Un richiamo più serio per alcuni fan della Coca Cola messicana potrebbe essere ideologico. Dopo tutto, come dice il curatore Liebhold, “la Coca-Cola non è una semplice bevanda ma un deposito di significato culturale e una dichiarazione politica”. Egli pensa che i bevitori di Coca-Cola messicani stiano esprimendo una posizione anti-globalizzazione con la loro scelta della bevanda. “Sono anti-brand. Lo zucchero è visto come più globalmente responsabile, anti-big business. Ma stanno bevendo Coca Cola, un enorme marchio globale!”
Nella mostra dell’American Enterprise, la bottiglia di Coca Cola messicana sta proprio accanto a un altro emblema dei dibattiti sulla globalizzazione: un costume da tartaruga che fu un’icona delle proteste durante un incontro del WTO tenutosi nel 1999 a Seattle, Washington. Gli Stati Uniti, cercando di fare la cosa giusta, avevano vietato l’importazione di gamberi da paesi le cui barche non usavano i cosiddetti “escluditori di tartarughe”
Ma i paesi colpiti si appellarono al WTO, dicendo che il divieto statunitense era una barriera commerciale. Il WTO, che si era pronunciato a favore degli Stati Uniti nella disputa sullo zucchero messicano, questa volta ha deciso contro gli Stati Uniti, che hanno dovuto rinunciare al loro requisito. I manifestanti ambientalisti a Seattle indossavano le tute da tartaruga per esprimere la loro opinione che le leggi ambientali locali dovrebbero prevalere sulle leggi commerciali internazionali. Allo stesso modo, nelle sentenze sullo zucchero, il WTO ha stabilito che gli sforzi messicani per proteggere la propria industria dello zucchero contro le incursioni dello sciroppo di mais ad alto contenuto di fruttosio importato erano barriere commerciali. Si tratta di una questione enorme”, dice Liepold. “Quando si sviluppa un’economia globale, i desideri locali cessano di avere un grande impatto.
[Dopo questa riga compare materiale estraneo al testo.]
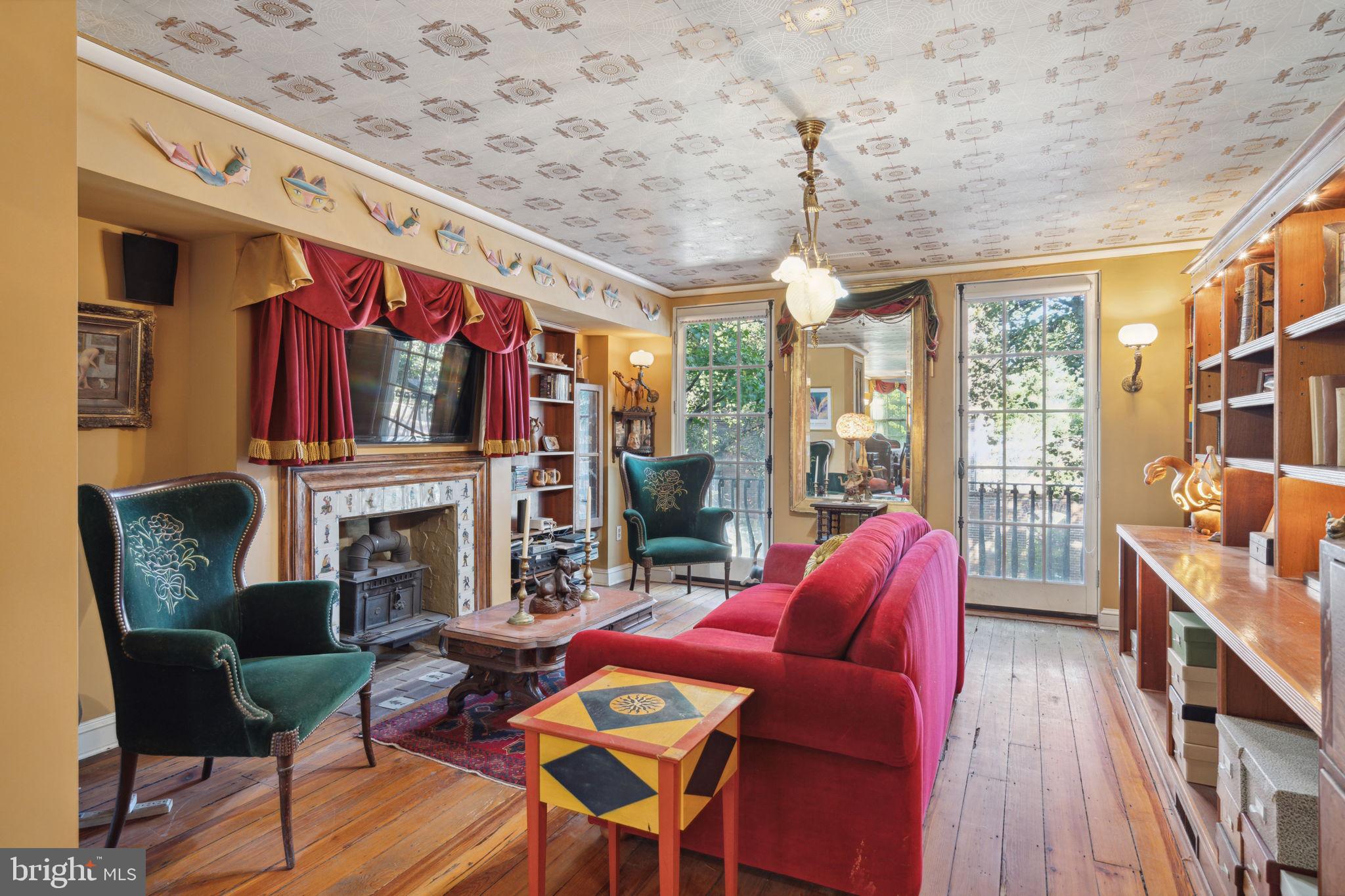 FITLER SQUARE - Residential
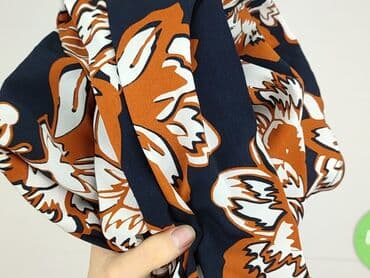 marynarka damska niebieska reserved: Esmara, Bluzka damska, rozmiar M — 5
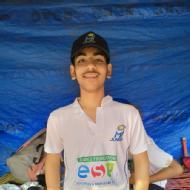 Kush Class 10 trainer in Mumbai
Quando si inizia ad avere un prodotto che viene spedito in tutto il mondo, la fabbrica locale della comunità non ha alcun controllo su ciò che fa”.
Ma gli aficionados della Coca messicana negli Stati Uniti possono controllare ciò che bevono, e si attaccano alla bottiglia di vetro della roba che è hecho en México.
La mostra permanente “American Enterprise” ha aperto il 1 luglio al Museo Nazionale di Storia Americana dello Smithsonian a Washington, D.C. e traccia lo sviluppo degli Stati Uniti da una piccola nazione agricola dipendente a una delle più grandi economie del mondo.